The study, which surveyed over 300 marketers, reveals a healthy job market for the marketing industry overall, 19 percent growth over last year. Additionally, 44 percent of those surveyed plan to hire more marketers this year compared to only 28 percent last year.
Digital marketing continues to dominate with a projected 56 percent of hires requiring some degree of digital experience. Interestingly, 48 percent of requests for marketing talent received by McKinley Marketing Partners in 2016 required digital skills, and that figure is already on the rise this year. Creative services (35 percent) and marketing operations (27 percent) rounds out the top three most hired for positions in 2017.
Among digital marketing skills, digital advertising (46 percent) and content creation and curation (38 percent), and content strategy (34 percent) are highest in demand. Social media, email, and Search Engine Optimization (SEO) were close behind, signaling the importance of an overall digital media strategy.
Regardless of the job title or function, employers look for candidates with digital marketing skills. This is especially true within communications and creative services but is also important in specialties where digital has historically not been required such as in traditional marketing and market research.
Digital Marketing is a Candidate’s Market
2017 is a great year to be a digital marketer. As we alluded to earlier, digital marketing remains the most hired for area of expertise in marketing though only a fraction of digital marketers are actively looking for new opportunities. Meaning, they are happy in their current roles and can be very selective when considering something new. One the other side, hiring managers should always be looking for marketers with digital skills so they have a pool of talent to tap into when a need arises. Otherwise, they may have a tough time finding the right candidate on short notice.

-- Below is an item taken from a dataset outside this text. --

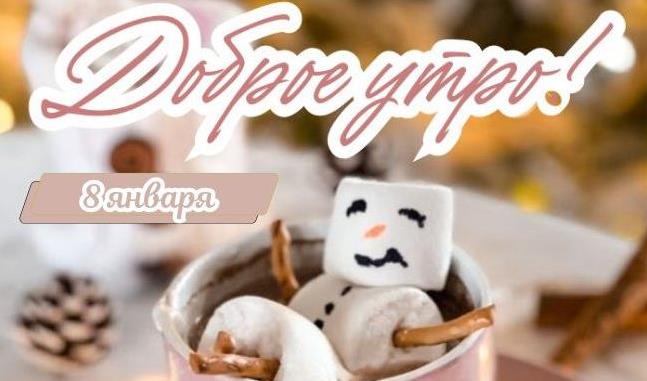 Картинки с добрым зимним утром 8 Января (+аудио пожелания)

The hiring landscape among other marketing functions, though not as extreme, still presents challenges and opportunities for job seekers and hiring managers alike.
Digital marketing and creative services are the only two areas where demand exceeds
the active supply of talent, suggesting successful companies will employ advanced
sourcing and recruiting tactics to tap into neutral talent pools. Higher salaries, exceptional benefits packages and perks such as flex time and telecommuting can attract top-notch candidates.

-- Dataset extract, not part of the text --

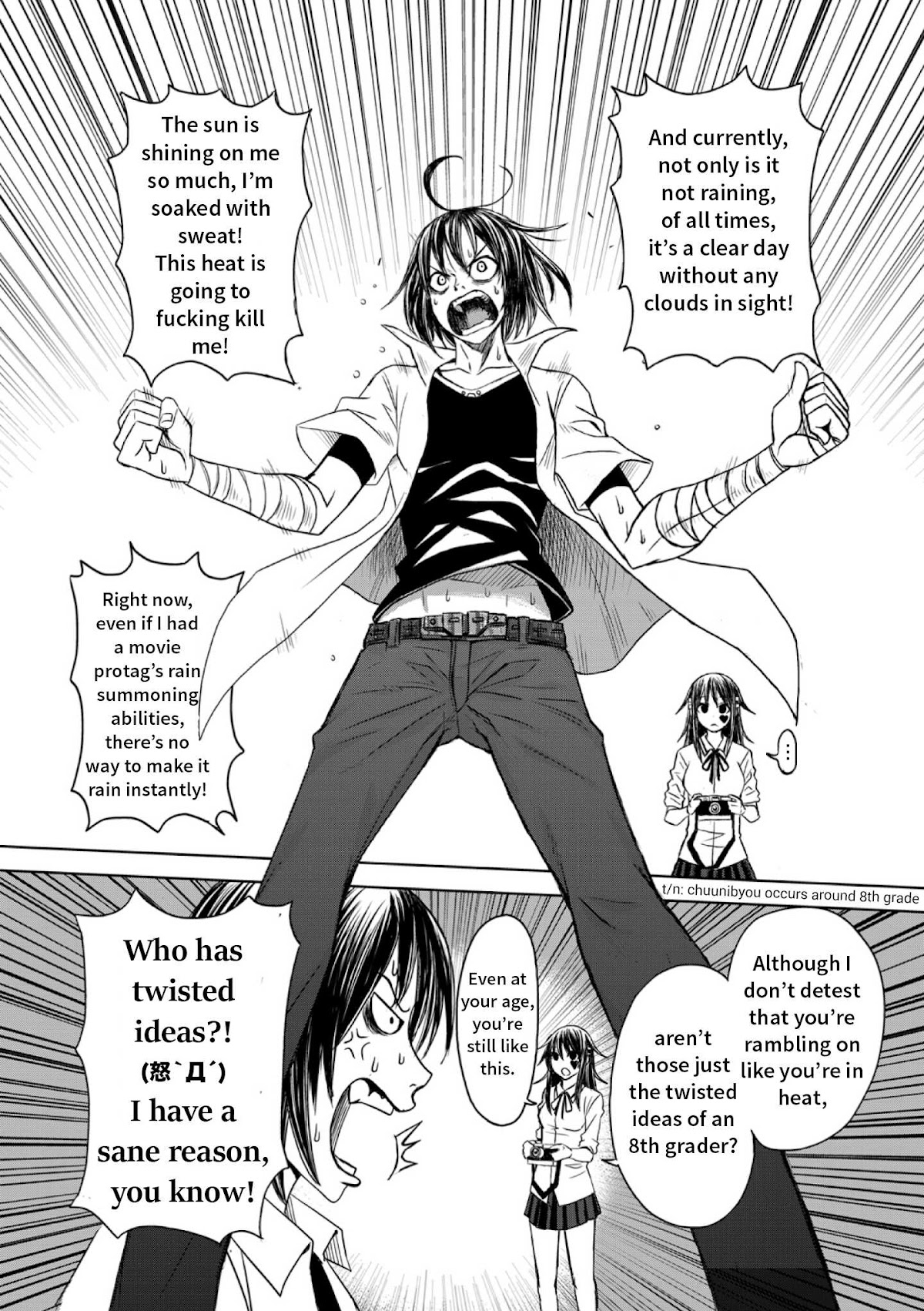 Shen de Wanju - The World Chapter 1.2 page 9 - Chapter 1 v2 : HP Boy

In situations where supply exceeds demand, job seekers should find ways to market themselves to potential employers and stand out from their peers. Marketers across all functions can strengthen their resumes and LinkedIn profiles by quantifying their impact.

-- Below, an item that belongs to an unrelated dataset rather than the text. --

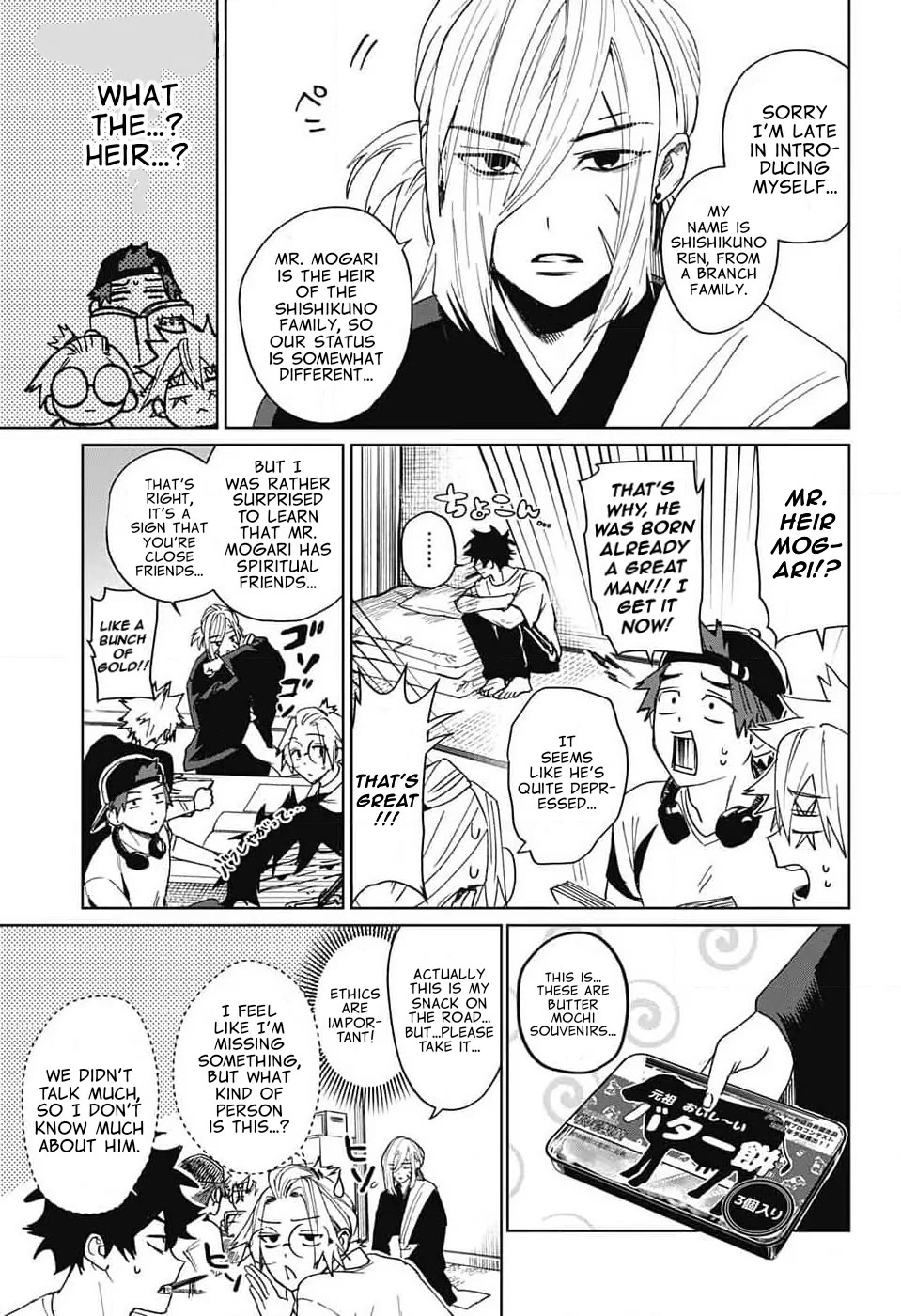 Phantom Busters chapter 8 page 11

In all other marketing functions – communications, traditional marketing, product marketing, research & analysis, relationship management and marketing operations – the markets are mostly saturated. It won’t be hard to find a candidate but it may take time to weed through the excess to find the shining stars. Hiring managers should brush up on their interview skills – know what to look for and equally important, what to watch out for – and keep an eye out for marketers with digital experience to augment their teams.